Could you repeat the records shown below exactly as written?

» GIVEN DATA
= = = = =

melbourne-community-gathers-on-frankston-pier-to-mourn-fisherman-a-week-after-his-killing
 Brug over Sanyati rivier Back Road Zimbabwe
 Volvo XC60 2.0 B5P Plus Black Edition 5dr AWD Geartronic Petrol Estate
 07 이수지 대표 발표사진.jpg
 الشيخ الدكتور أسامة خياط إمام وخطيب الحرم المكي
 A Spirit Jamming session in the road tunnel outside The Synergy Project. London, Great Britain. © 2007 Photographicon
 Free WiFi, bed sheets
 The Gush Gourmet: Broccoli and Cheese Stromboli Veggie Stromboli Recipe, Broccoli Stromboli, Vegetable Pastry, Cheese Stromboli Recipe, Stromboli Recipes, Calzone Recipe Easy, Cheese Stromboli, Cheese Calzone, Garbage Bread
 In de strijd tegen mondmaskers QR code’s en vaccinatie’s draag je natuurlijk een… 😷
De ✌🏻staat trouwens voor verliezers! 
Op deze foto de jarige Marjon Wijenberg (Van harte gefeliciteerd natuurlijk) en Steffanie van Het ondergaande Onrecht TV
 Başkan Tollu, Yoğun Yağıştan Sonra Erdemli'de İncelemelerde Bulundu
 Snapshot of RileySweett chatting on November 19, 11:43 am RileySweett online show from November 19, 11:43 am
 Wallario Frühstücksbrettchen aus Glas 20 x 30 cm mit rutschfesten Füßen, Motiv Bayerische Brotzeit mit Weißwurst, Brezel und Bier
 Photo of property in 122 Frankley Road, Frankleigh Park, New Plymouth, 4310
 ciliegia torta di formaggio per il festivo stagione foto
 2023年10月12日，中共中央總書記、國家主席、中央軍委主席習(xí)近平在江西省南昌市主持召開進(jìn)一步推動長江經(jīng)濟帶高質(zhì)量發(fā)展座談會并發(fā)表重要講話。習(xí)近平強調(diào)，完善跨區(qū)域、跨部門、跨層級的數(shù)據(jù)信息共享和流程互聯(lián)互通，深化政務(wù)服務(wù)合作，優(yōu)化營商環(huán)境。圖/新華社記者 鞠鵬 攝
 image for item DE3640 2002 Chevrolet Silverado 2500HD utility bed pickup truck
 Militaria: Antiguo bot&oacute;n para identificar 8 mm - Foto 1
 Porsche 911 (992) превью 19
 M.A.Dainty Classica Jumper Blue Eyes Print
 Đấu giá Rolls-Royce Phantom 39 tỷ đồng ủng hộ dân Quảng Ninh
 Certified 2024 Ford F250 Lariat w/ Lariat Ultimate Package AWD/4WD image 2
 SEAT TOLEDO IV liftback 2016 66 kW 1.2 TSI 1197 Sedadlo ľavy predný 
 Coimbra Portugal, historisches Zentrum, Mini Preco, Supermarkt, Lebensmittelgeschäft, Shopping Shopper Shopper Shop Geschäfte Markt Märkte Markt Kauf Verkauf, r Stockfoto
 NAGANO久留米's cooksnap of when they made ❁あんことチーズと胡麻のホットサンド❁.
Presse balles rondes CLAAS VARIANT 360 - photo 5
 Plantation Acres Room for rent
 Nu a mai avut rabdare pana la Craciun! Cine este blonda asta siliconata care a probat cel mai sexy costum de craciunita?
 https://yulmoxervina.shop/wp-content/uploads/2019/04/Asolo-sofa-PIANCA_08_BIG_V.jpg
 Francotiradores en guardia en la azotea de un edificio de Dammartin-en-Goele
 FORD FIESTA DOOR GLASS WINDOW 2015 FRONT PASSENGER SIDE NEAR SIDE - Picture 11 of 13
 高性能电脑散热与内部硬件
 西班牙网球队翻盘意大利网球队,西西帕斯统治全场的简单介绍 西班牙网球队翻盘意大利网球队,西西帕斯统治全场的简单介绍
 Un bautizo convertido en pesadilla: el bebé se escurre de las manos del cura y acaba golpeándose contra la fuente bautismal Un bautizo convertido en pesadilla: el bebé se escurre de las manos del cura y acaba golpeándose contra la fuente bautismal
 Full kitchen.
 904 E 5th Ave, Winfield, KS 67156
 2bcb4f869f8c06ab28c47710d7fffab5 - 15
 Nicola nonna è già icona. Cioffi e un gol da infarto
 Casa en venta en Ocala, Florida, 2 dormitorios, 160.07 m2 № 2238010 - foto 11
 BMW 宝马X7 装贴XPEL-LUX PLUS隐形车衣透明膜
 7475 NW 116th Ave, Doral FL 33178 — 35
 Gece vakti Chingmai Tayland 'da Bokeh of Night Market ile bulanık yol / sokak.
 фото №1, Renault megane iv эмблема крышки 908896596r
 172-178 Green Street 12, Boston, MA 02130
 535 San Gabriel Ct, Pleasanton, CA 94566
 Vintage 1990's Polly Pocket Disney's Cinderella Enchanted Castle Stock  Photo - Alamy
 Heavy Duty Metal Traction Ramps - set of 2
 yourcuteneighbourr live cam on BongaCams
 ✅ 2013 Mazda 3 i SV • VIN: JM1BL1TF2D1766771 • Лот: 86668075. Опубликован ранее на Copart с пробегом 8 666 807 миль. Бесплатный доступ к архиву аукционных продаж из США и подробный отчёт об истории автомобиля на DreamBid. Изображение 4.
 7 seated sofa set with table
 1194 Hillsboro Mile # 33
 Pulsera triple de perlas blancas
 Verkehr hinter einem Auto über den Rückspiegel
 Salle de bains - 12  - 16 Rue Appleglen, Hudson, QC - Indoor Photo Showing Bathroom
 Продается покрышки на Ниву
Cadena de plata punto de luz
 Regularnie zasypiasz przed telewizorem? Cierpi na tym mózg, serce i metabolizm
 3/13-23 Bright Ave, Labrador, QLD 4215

= = = = =

» FINAL ANSWER
melbourne-community-gathers-on-frankston-pier-to-mourn-fisherman-a-week-after-his-killing
 Brug over Sanyati rivier Back Road Zimbabwe
 Volvo XC60 2.0 B5P Plus Black Edition 5dr AWD Geartronic Petrol Estate
 07 이수지 대표 발표사진.jpg
 الشيخ الدكتور أسامة خياط إمام وخطيب الحرم المكي
 A Spirit Jamming session in the road tunnel outside The Synergy Project. London, Great Britain. © 2007 Photographicon
 Free WiFi, bed sheets
 The Gush Gourmet: Broccoli and Cheese Stromboli Veggie Stromboli Recipe, Broccoli Stromboli, Vegetable Pastry, Cheese Stromboli Recipe, Stromboli Recipes, Calzone Recipe Easy, Cheese Stromboli, Cheese Calzone, Garbage Bread
 In de strijd tegen mondmaskers QR code’s en vaccinatie’s draag je natuurlijk een… 😷
De ✌🏻staat trouwens voor verliezers! 
Op deze foto de jarige Marjon Wijenberg (Van harte gefeliciteerd natuurlijk) en Steffanie van Het ondergaande Onrecht TV
 Başkan Tollu, Yoğun Yağıştan Sonra Erdemli'de İncelemelerde Bulundu
 Snapshot of RileySweett chatting on November 19, 11:43 am RileySweett online show from November 19, 11:43 am
 Wallario Frühstücksbrettchen aus Glas 20 x 30 cm mit rutschfesten Füßen, Motiv Bayerische Brotzeit mit Weißwurst, Brezel und Bier
 Photo of property in 122 Frankley Road, Frankleigh Park, New Plymouth, 4310
 ciliegia torta di formaggio per il festivo stagione foto
 2023年10月12日，中共中央總書記、國家主席、中央軍委主席習(xí)近平在江西省南昌市主持召開進(jìn)一步推動長江經(jīng)濟帶高質(zhì)量發(fā)展座談會并發(fā)表重要講話。習(xí)近平強調(diào)，完善跨區(qū)域、跨部門、跨層級的數(shù)據(jù)信息共享和流程互聯(lián)互通，深化政務(wù)服務(wù)合作，優(yōu)化營商環(huán)境。圖/新華社記者 鞠鵬 攝
 image for item DE3640 2002 Chevrolet Silverado 2500HD utility bed pickup truck
 Militaria: Antiguo bot&oacute;n para identificar 8 mm - Foto 1
 Porsche 911 (992) превью 19
 M.A.Dainty Classica Jumper Blue Eyes Print
 Đấu giá Rolls-Royce Phantom 39 tỷ đồng ủng hộ dân Quảng Ninh
 Certified 2024 Ford F250 Lariat w/ Lariat Ultimate Package AWD/4WD image 2
 SEAT TOLEDO IV liftback 2016 66 kW 1.2 TSI 1197 Sedadlo ľavy predný 
 Coimbra Portugal, historisches Zentrum, Mini Preco, Supermarkt, Lebensmittelgeschäft, Shopping Shopper Shopper Shop Geschäfte Markt Märkte Markt Kauf Verkauf, r Stockfoto
 NAGANO久留米's cooksnap of when they made ❁あんことチーズと胡麻のホットサンド❁.
Presse balles rondes CLAAS VARIANT 360 - photo 5
 Plantation Acres Room for rent
 Nu a mai avut rabdare pana la Craciun! Cine este blonda asta siliconata care a probat cel mai sexy costum de craciunita?
 https://yulmoxervina.shop/wp-content/uploads/2019/04/Asolo-sofa-PIANCA_08_BIG_V.jpg
 Francotiradores en guardia en la azotea de un edificio de Dammartin-en-Goele
 FORD FIESTA DOOR GLASS WINDOW 2015 FRONT PASSENGER SIDE NEAR SIDE - Picture 11 of 13
 高性能电脑散热与内部硬件
 西班牙网球队翻盘意大利网球队,西西帕斯统治全场的简单介绍 西班牙网球队翻盘意大利网球队,西西帕斯统治全场的简单介绍
 Un bautizo convertido en pesadilla: el bebé se escurre de las manos del cura y acaba golpeándose contra la fuente bautismal Un bautizo convertido en pesadilla: el bebé se escurre de las manos del cura y acaba golpeándose contra la fuente bautismal
 Full kitchen.
 904 E 5th Ave, Winfield, KS 67156
 2bcb4f869f8c06ab28c47710d7fffab5 - 15
 Nicola nonna è già icona. Cioffi e un gol da infarto
 Casa en venta en Ocala, Florida, 2 dormitorios, 160.07 m2 № 2238010 - foto 11
 BMW 宝马X7 装贴XPEL-LUX PLUS隐形车衣透明膜
 7475 NW 116th Ave, Doral FL 33178 — 35
 Gece vakti Chingmai Tayland 'da Bokeh of Night Market ile bulanık yol / sokak.
 фото №1, Renault megane iv эмблема крышки 908896596r
 172-178 Green Street 12, Boston, MA 02130
 535 San Gabriel Ct, Pleasanton, CA 94566
 Vintage 1990's Polly Pocket Disney's Cinderella Enchanted Castle Stock  Photo - Alamy
 Heavy Duty Metal Traction Ramps - set of 2
 yourcuteneighbourr live cam on BongaCams
 ✅ 2013 Mazda 3 i SV • VIN: JM1BL1TF2D1766771 • Лот: 86668075. Опубликован ранее на Copart с пробегом 8 666 807 миль. Бесплатный доступ к архиву аукционных продаж из США и подробный отчёт об истории автомобиля на DreamBid. Изображение 4.
 7 seated sofa set with table
 1194 Hillsboro Mile # 33
 Pulsera triple de perlas blancas
 Verkehr hinter einem Auto über den Rückspiegel
 Salle de bains - 12  - 16 Rue Appleglen, Hudson, QC - Indoor Photo Showing Bathroom
 Продается покрышки на Ниву
Cadena de plata punto de luz
 Regularnie zasypiasz przed telewizorem? Cierpi na tym mózg, serce i metabolizm
 3/13-23 Bright Ave, Labrador, QLD 4215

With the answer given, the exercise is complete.